Explanation
`Diction' refers to the poet's choice of words and expressions and how he uses them to impact the theme.
Regarding theme, the poem deals with the restrictions imposed by the adults upon children's natural freedom, as these stifle their natural growth and development. Blake uses the natural rhythm of speech to convey this theme, particularly as he allows the boy to express himself in his own language, as much as possible. Apart from the rhymed stanzas, most of the lines read like colloquial speech. The following examples illustrate the point. In stanza one, the boy expresses his love of summer in the words: "I love to rise in a summer morn". Then in stanza two, he expresses his unhappiness about going to school in the line," Oh it drives all joy away". Many more lines are couched in such monosyllabic words.
In addition to the above expressions, it can be said that the very words used in the poem are simple. Indeed, the longest word used in the entire poem is "mellowing" which is made up of three syllables. Words associated with spring and summer are used to describe the seasons positively. They include "sing", "joy" "sweet company", "blossom" and so on. The focus of the poem being summer, such words express the boy's delight in being associated with its activities. Similarly, in referring to spring time, he refers to "bud" and "blossom". However, words associated with school do not have positive associations. In school, the boy talks about "sighing" and "dismay" and "dropping". The teachers are "a cruel eye outworn" and school, which should be "learning's bower" has become a "dreary shower", The boy associates his misery with that of a "bird caged" and unable to "sing" or with that of a tender plant that has been "stripped" of its leaves, or with that of "buds that have been nipped before they blossom".

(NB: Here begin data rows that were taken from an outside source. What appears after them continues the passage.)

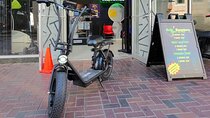 Explore Dallas with E-Scooters Rentals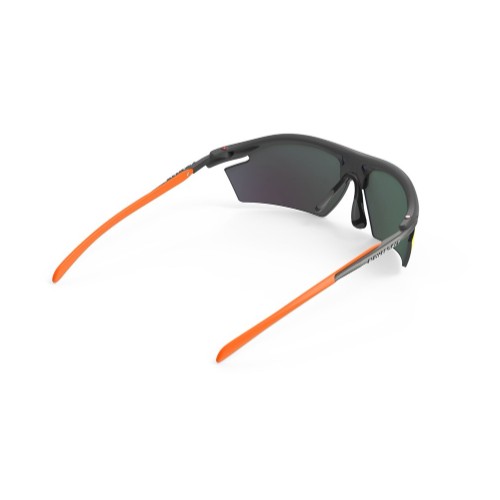 Rudy Project Rydon lasit – graphite orange (multilaser orange) - Image 5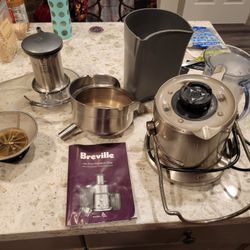 Breville Juicer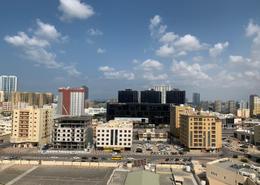 Apartment - 1 bedroom - 2 bathrooms for rent in Al Naemiya Tower 1 - Al Naemiya Towers - Al Naemiyah - Ajman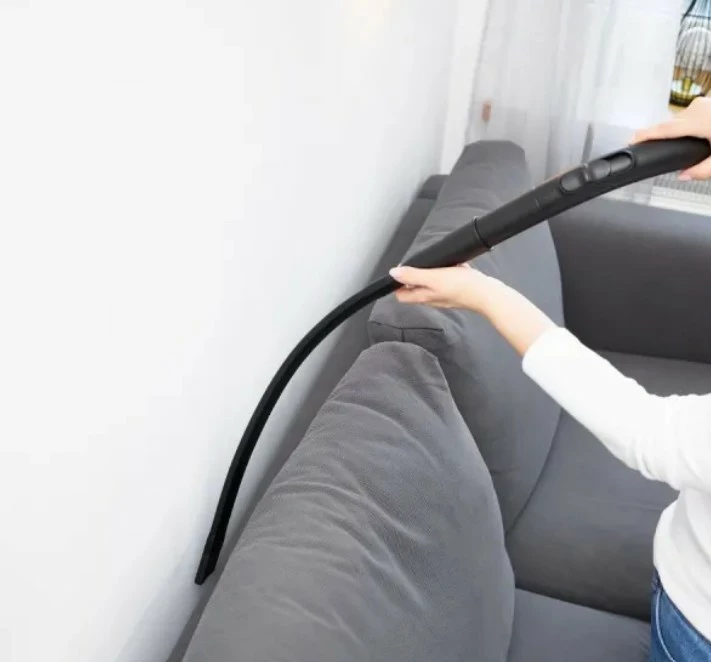 Fshesë me korrent me qese MPM MOD-54, 850W, e zezë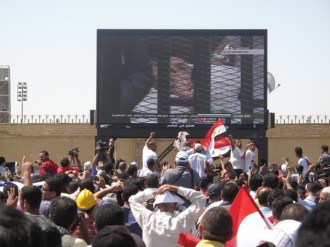 The Trial of Mubarak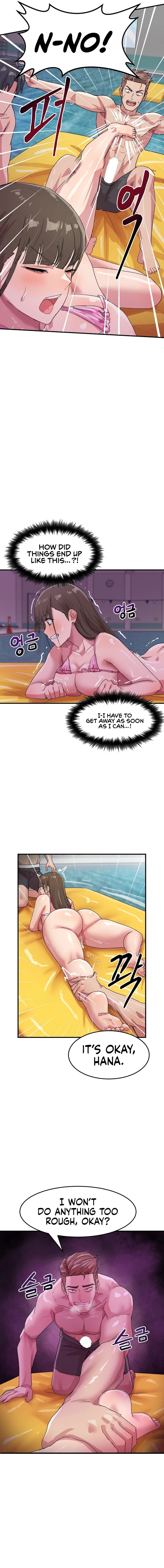 Late-night Show Climax - Chapter 6 Page 11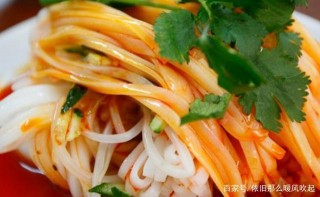 西安一地方美食，當地人每天早上都吃，外地遊客看了便跑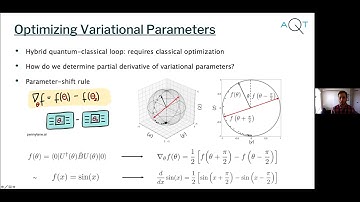 Yongshan Ding (Yale): Searching and Training Parametrized Quantum Circuits in the Presence of Noise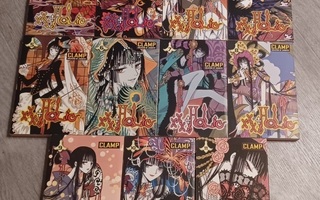 XxxHolic 1-11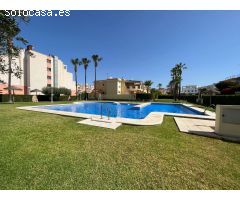 Apartamento de 2 dormitorios en Puerto Rey RA585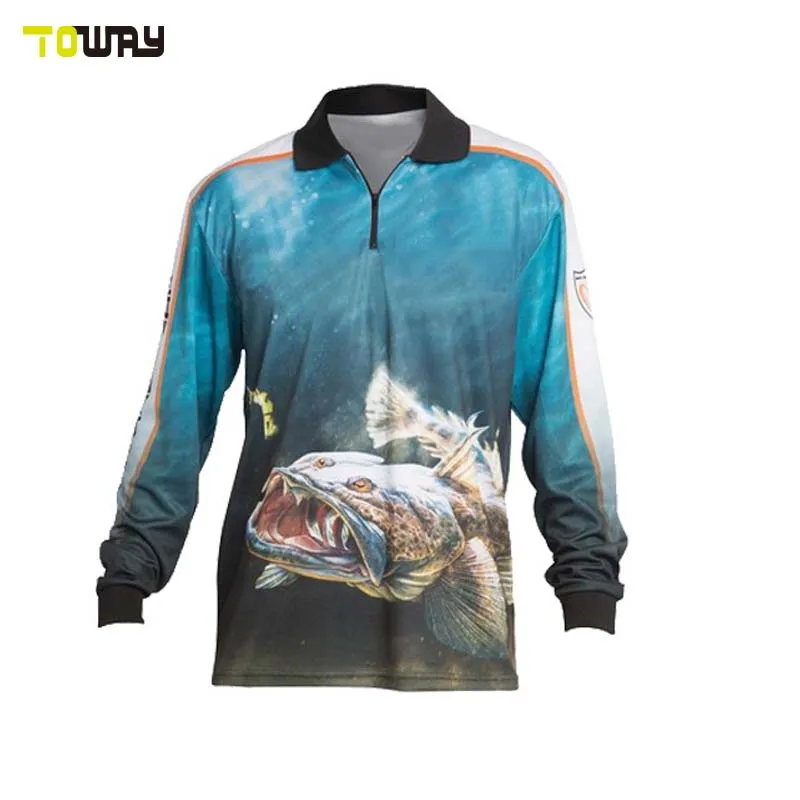 BETHERIVAL wholesale long sleeve fishing t shirts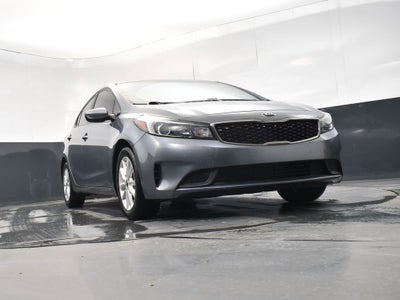 2017 Kia Forte S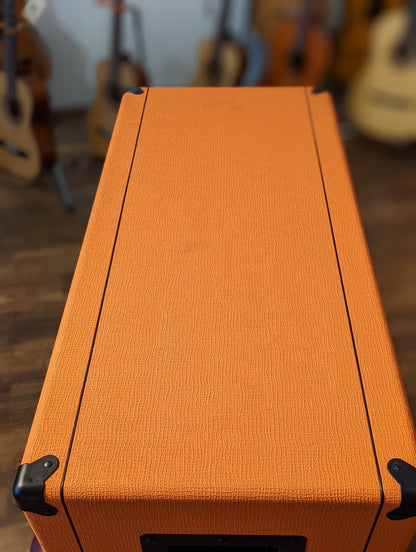 Orange PPC212 2x12 Speaker Cabinet Made in USA (Used)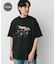 『別注』Snow Peak×DOORS　WaterActive Print Tee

Indeed, there are many more negative words and expressions in the poem. These illustrate the boy's melancholic mood as he laments his inability to enjoy summer because of the insensitivity of his parents to his feelings and natural inclinations by sending him to school. However, beyond this meaning is one larger, which is the need to give children the opportunity to be self-expressive , so they can psychologically withstand the crisis of adulthood. It is to the poet's credit that such profound wisdom is conveyed in the simplicity of the vocabulary or diction.